Aunque no os lo creáis, me dejaría morder en el cuello como el vampiro errante de la novela de Anne Rice para disipar de ese modo mi vértigo. Durante mi periplo de periodista errante habría ayudado a Ella Fitzgerald a pulverizar el pánico en la escena antes de verla actuar en The Crescendo. El lunes 20 de abril de 1981 hubiese aparecido ante la prensa encadenado a la armónica Hohner de Bruce Springsteen en su primer concierto en Barcelona. Me habría vestido de enviado especial en Vallauris para acompañar a Picasso y verle pintar sus vasijas, y también para ver cantar a Nina Simone en el Ronnie Scott durante los años del Swingeing London.
No me habría importado acompañar a Machado, los dos extraños en un tren, a su exilio en Colliure.
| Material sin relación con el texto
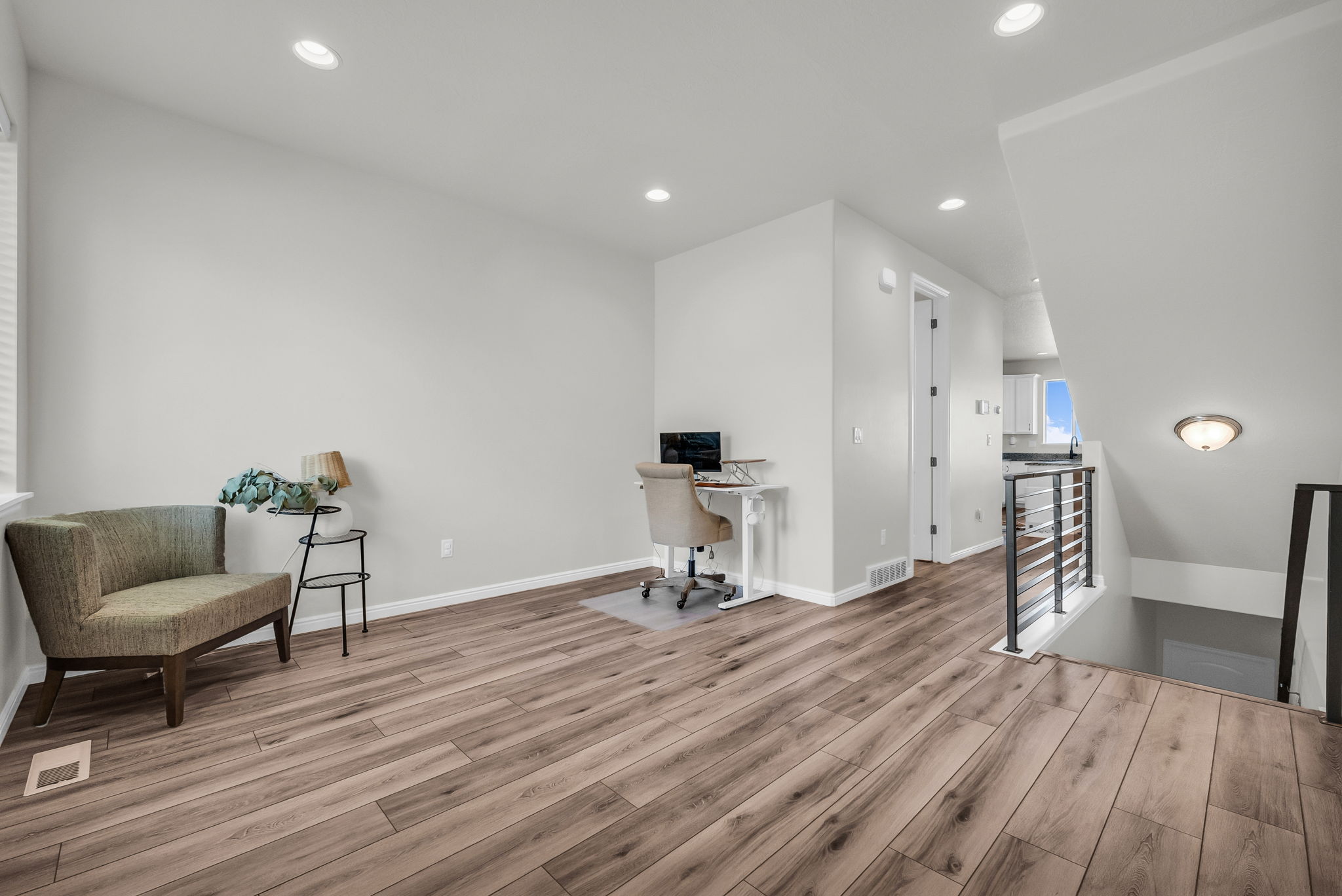 Spacious room featuring wood-finish flooring, recessed lighting, and a neutral color palette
Subir junto a García Márquez los 39 escalones de la estafeta de correos desde la que envió el venerado manuscrito de Cien años de soledad. Espiar, desde mi ventana indiscreta, a Marlon Brando la noche en que se le ocurrió meterse algodones en la boca para conseguir el acento de Vito Corleone. Darle la mano a Manolete el día que lo venció Islero. Atisbar la carita de Madame Curie el día que descubrió los secretos de la radioactividad. Probarme la máscara de Hannibal Lecter segundos antes de que lo hiciese Anthony Hopkins (de alguna manera también protagonista de nuestra primera portada de 2013). Y se me habría helado aún más la sangre ayudando a vestirse de payaso a Fofó.
Llevarle los papeles a George Lois cuando se le ocurrió convencer a Bob Dylan de que escribiese Hurricane para sacar a Huracán Carter de la trena. Y el día que persuadió a Muhammad Ali para posar como San Sebastián en Esquire, aunque Ali acababa de convertirse al islamismo. Y zamparme un cebiche con Kiko Ledgard mientras le ayudo a quitarse sus dos relojes.
Pero aquí estoy. Nada tengo de Nosferatu. Tengo el cuello intacto, nunca cometí un crimen perfecto, pero sí que estuve en Paisley Park, en la casa de Prince (ahora vive en Los Ángeles), a -22 grados en un invierno que se hacía imposible de paliar con una rebeca. Y he visto bailar los contrabajos sobre las tablas del viejo Carnegie Hall ante la batuta de Gustavo Dudamel.
Aquí sigo, buscando como si fuera un chiquillo al gordo de Alfred Hitchcock aparecer en sus películas, abriendo y cerrando el grifo de mi ducha, adorando los buenos cuchillos, rozando la psicosis. Dubitativo cuando leo que maltrataba a sus actrices. Silbando la melodía de su serie de televisión. Loco por las mecedoras. Aún pienso que no soy el hombre que sabía demasiado.